====== Given records ======

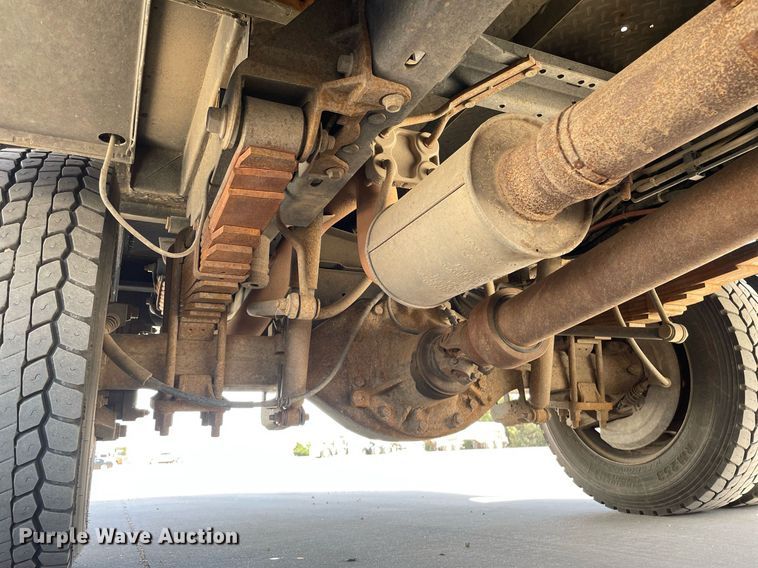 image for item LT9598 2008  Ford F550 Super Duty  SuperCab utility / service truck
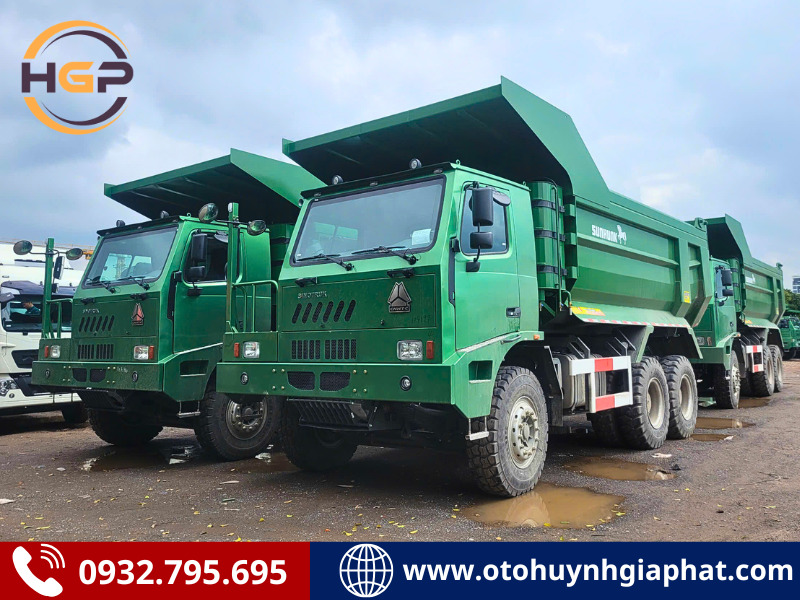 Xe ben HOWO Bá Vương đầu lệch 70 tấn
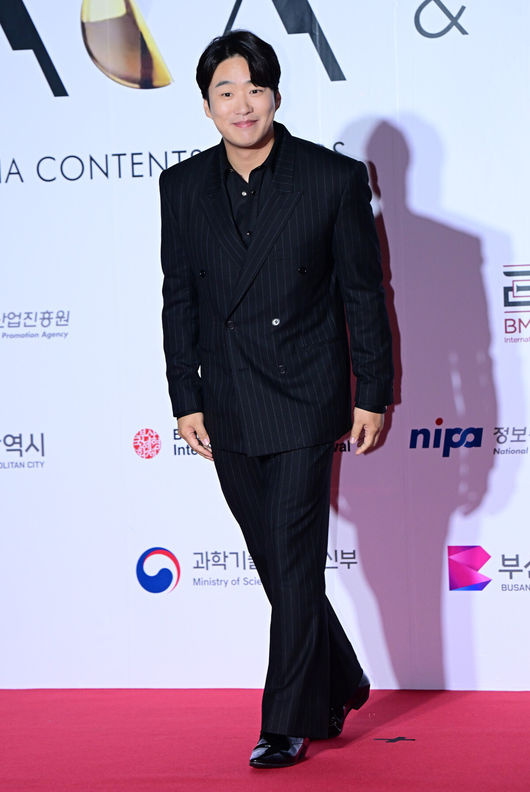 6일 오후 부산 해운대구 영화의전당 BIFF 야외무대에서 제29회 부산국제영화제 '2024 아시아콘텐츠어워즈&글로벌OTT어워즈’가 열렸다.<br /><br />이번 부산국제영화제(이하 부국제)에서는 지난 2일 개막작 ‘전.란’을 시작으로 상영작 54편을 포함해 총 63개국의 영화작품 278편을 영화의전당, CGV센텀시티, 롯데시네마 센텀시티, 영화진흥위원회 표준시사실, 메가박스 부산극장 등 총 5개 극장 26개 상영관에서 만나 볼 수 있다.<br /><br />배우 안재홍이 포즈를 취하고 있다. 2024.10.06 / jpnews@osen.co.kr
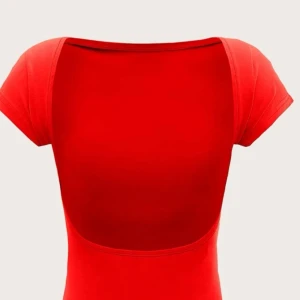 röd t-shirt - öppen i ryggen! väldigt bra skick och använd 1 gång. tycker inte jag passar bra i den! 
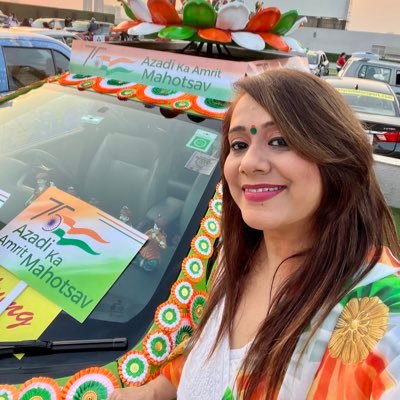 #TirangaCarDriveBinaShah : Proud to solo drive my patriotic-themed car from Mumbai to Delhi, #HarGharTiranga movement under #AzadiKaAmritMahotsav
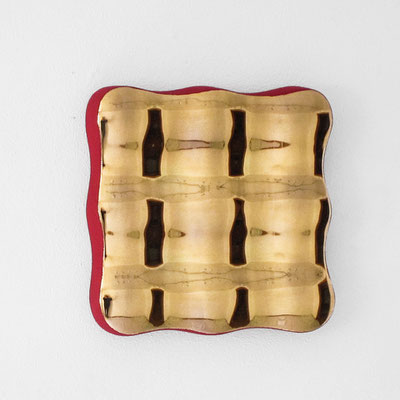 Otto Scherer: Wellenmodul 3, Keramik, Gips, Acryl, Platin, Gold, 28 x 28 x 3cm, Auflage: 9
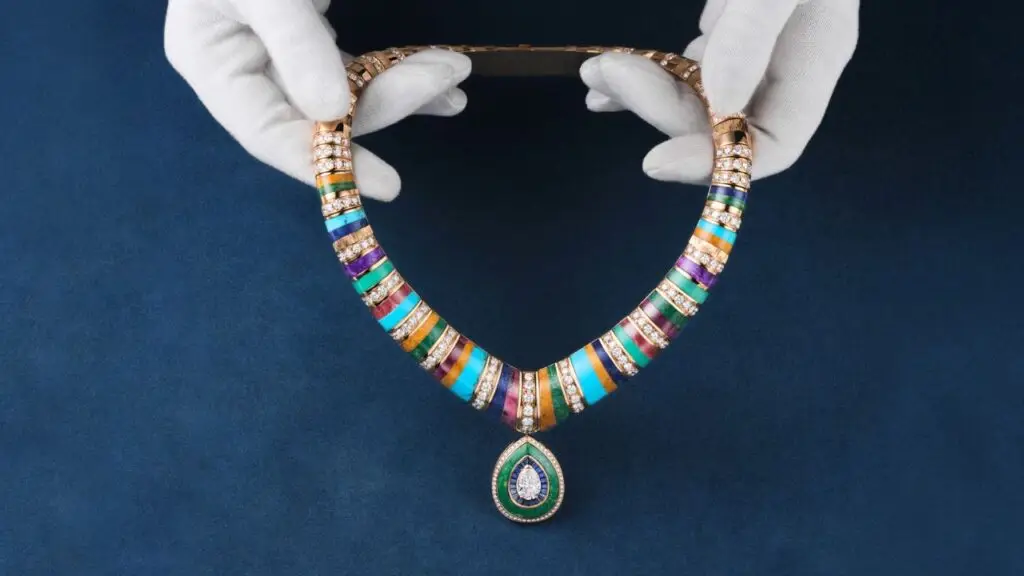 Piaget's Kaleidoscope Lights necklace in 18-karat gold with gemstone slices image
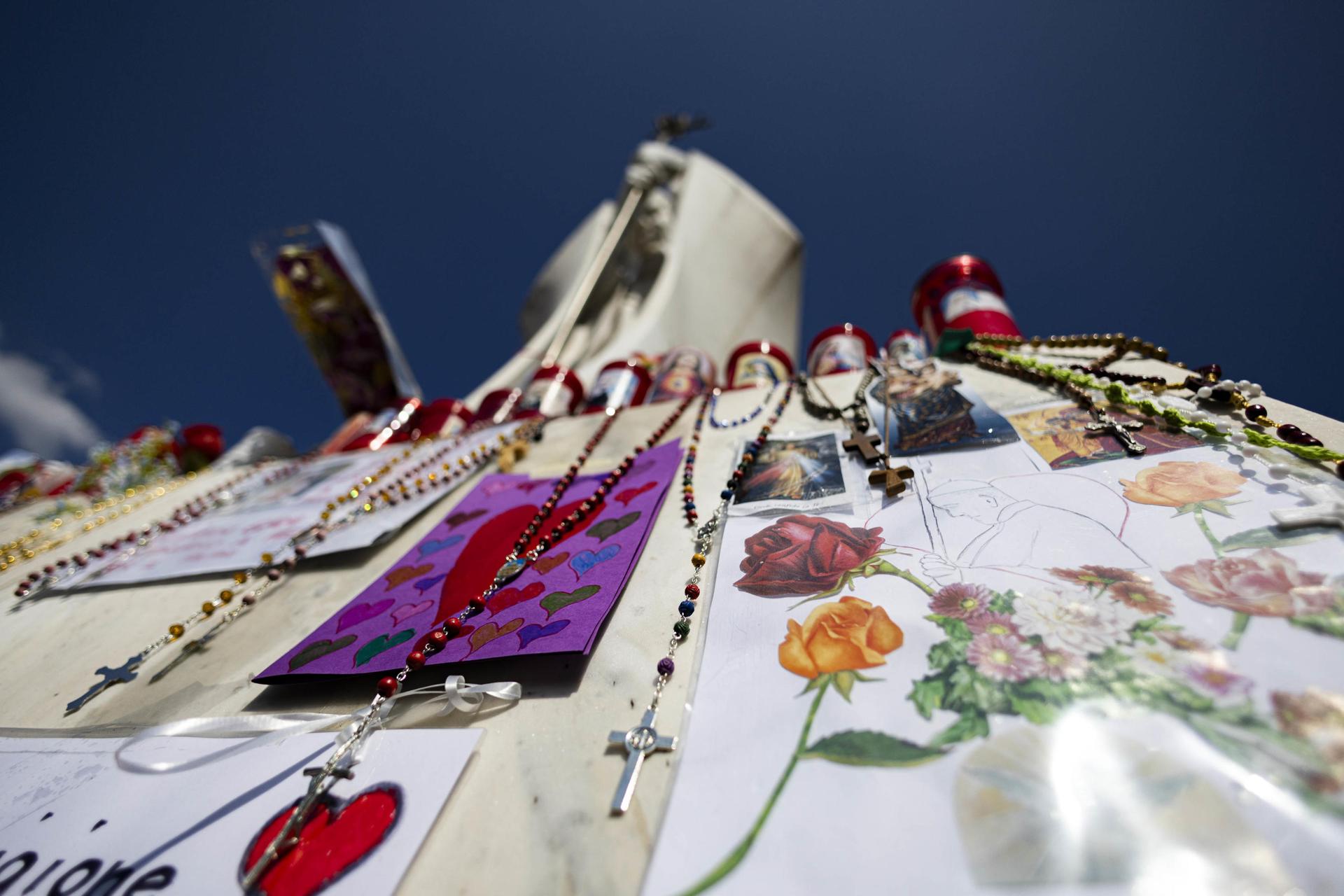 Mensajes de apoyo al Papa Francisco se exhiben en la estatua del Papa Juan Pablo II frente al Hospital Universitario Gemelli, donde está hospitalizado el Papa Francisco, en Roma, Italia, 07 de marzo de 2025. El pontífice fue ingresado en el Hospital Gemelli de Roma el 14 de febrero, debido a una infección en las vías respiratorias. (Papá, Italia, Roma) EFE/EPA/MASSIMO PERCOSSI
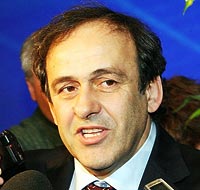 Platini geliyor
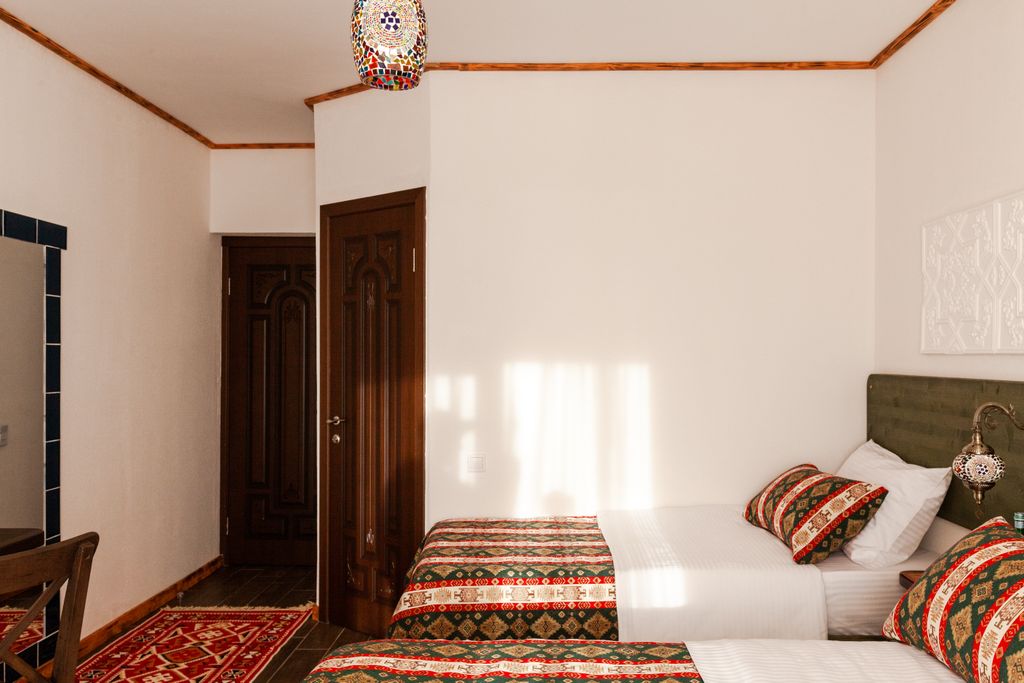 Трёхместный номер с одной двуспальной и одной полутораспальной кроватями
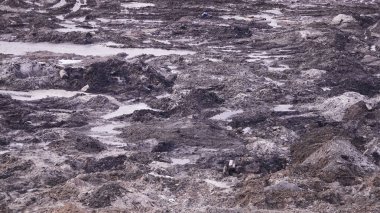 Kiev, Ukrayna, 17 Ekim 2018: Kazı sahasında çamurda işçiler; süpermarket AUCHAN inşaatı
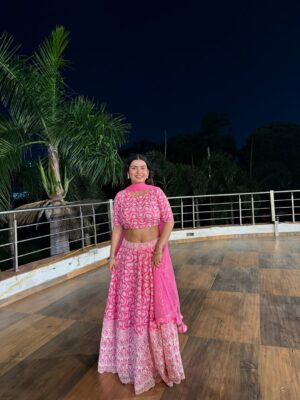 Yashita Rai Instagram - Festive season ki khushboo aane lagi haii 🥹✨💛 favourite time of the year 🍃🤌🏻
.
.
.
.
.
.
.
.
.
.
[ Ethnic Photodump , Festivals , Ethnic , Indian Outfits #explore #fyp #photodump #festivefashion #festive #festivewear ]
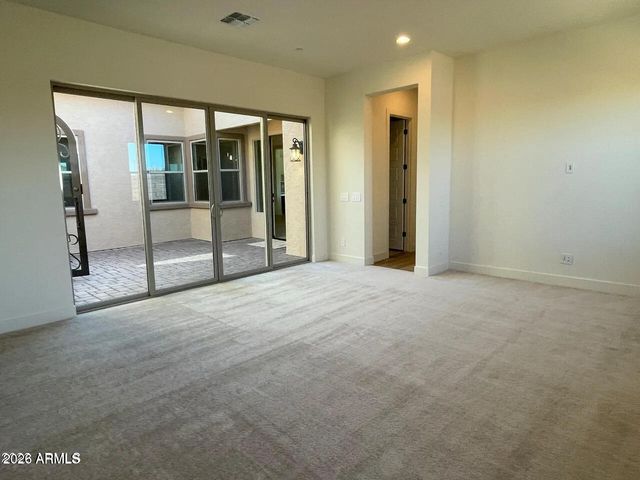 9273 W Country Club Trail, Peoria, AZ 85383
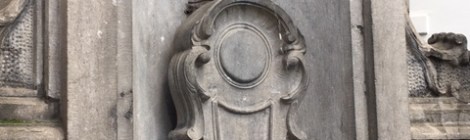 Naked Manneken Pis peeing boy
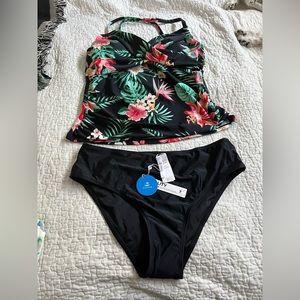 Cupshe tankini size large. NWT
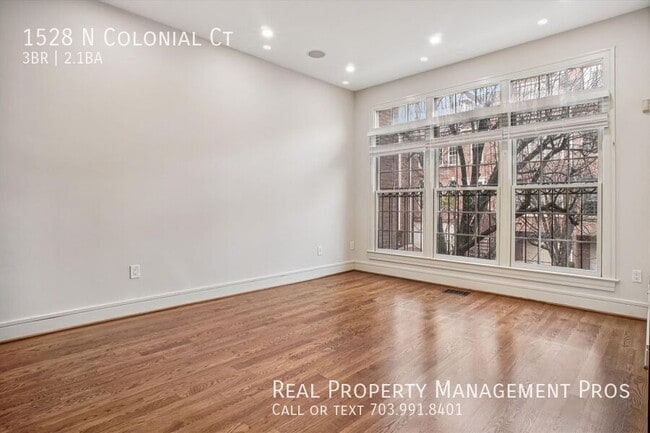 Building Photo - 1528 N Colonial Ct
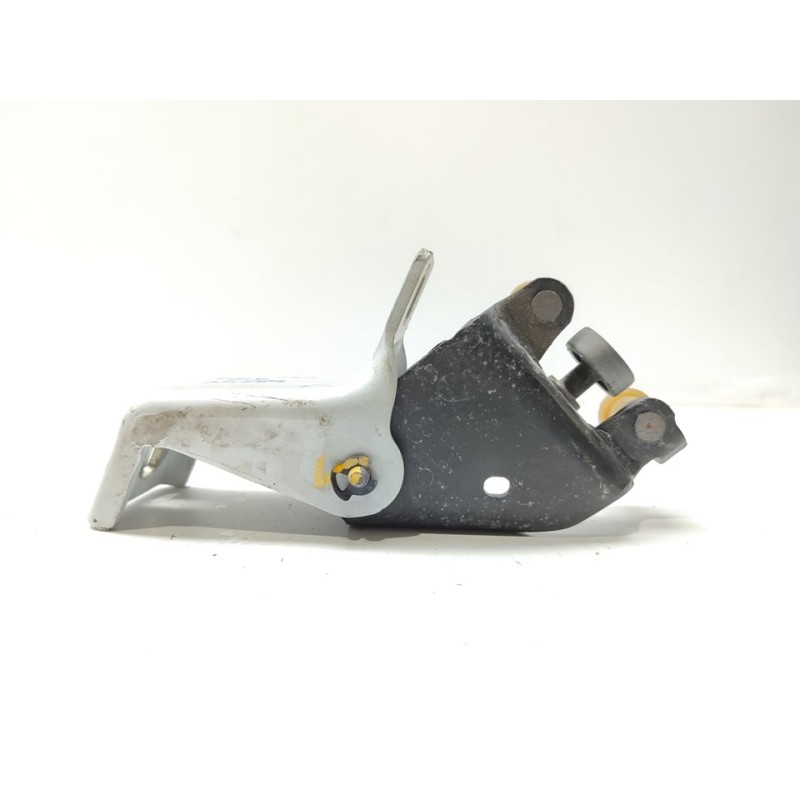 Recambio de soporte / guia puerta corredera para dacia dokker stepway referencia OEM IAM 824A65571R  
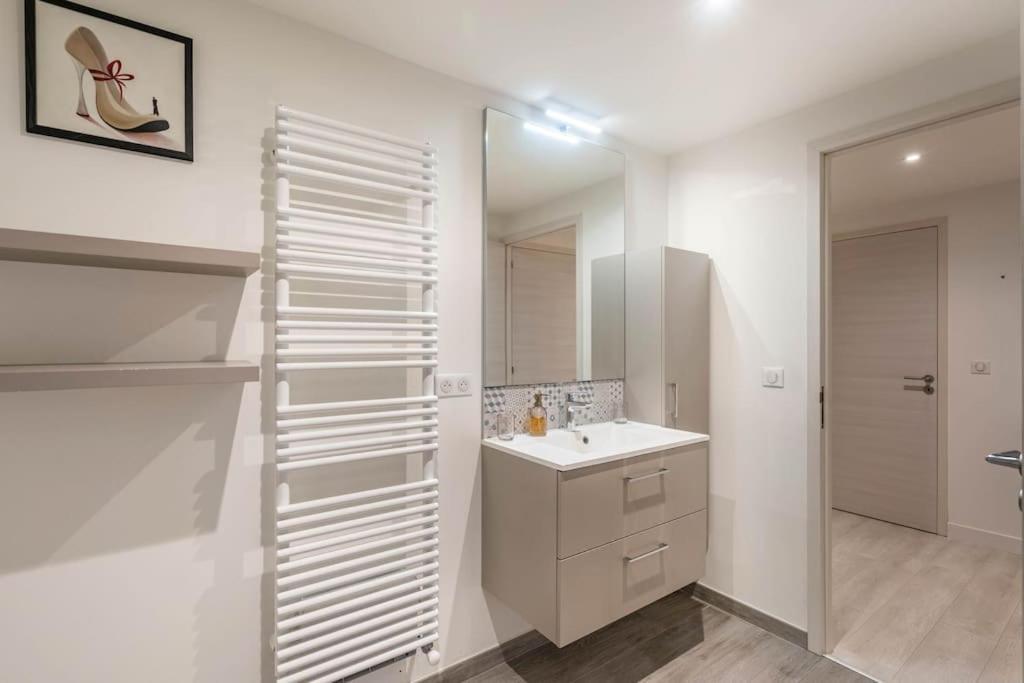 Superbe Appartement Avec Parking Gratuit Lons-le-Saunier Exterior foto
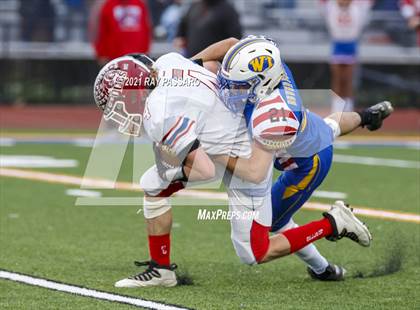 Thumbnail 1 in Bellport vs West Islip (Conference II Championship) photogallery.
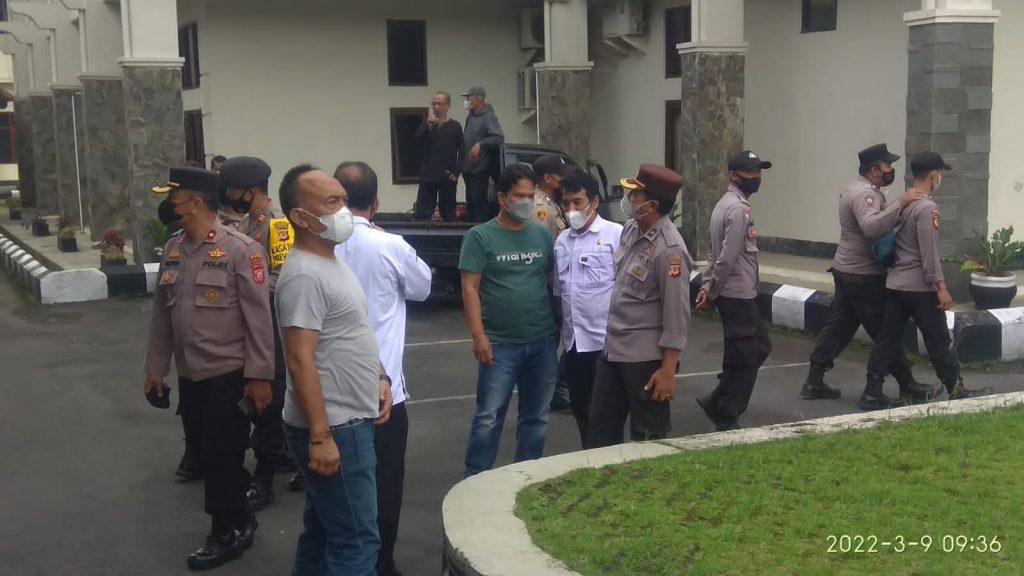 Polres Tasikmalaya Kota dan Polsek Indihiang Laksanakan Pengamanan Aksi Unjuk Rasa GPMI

======

Exercise brief: Beginning with the line that contains "#TirangaCarDriveBinaShah : Proud" and ending with the final line of the listing, return each line exactly. Omit all pictures.

Response to the exercise:
 #TirangaCarDriveBinaShah : Proud to solo drive my patriotic-themed car from Mumbai to Delhi, #HarGharTiranga movement under #AzadiKaAmritMahotsav
 Otto Scherer: Wellenmodul 3, Keramik, Gips, Acryl, Platin, Gold, 28 x 28 x 3cm, Auflage: 9
 Piaget's Kaleidoscope Lights necklace in 18-karat gold with gemstone slices image
 Mensajes de apoyo al Papa Francisco se exhiben en la estatua del Papa Juan Pablo II frente al Hospital Universitario Gemelli, donde está hospitalizado el Papa Francisco, en Roma, Italia, 07 de marzo de 2025. El pontífice fue ingresado en el Hospital Gemelli de Roma el 14 de febrero, debido a una infección en las vías respiratorias. (Papá, Italia, Roma) EFE/EPA/MASSIMO PERCOSSI
 Platini geliyor
 Трёхместный номер с одной двуспальной и одной полутораспальной кроватями
 Kiev, Ukrayna, 17 Ekim 2018: Kazı sahasında çamurda işçiler; süpermarket AUCHAN inşaatı
 Yashita Rai Instagram - Festive season ki khushboo aane lagi haii 🥹✨💛 favourite time of the year 🍃🤌🏻
.
.
.
.
.
.
.
.
.
.
[ Ethnic Photodump , Festivals , Ethnic , Indian Outfits #explore #fyp #photodump #festivefashion #festive #festivewear ]
 9273 W Country Club Trail, Peoria, AZ 85383
 Naked Manneken Pis peeing boy
 Cupshe tankini size large. NWT
 Building Photo - 1528 N Colonial Ct
 Recambio de soporte / guia puerta corredera para dacia dokker stepway referencia OEM IAM 824A65571R  
 Superbe Appartement Avec Parking Gratuit Lons-le-Saunier Exterior foto
 Thumbnail 1 in Bellport vs West Islip (Conference II Championship) photogallery.
 Polres Tasikmalaya Kota dan Polsek Indihiang Laksanakan Pengamanan Aksi Unjuk Rasa GPMI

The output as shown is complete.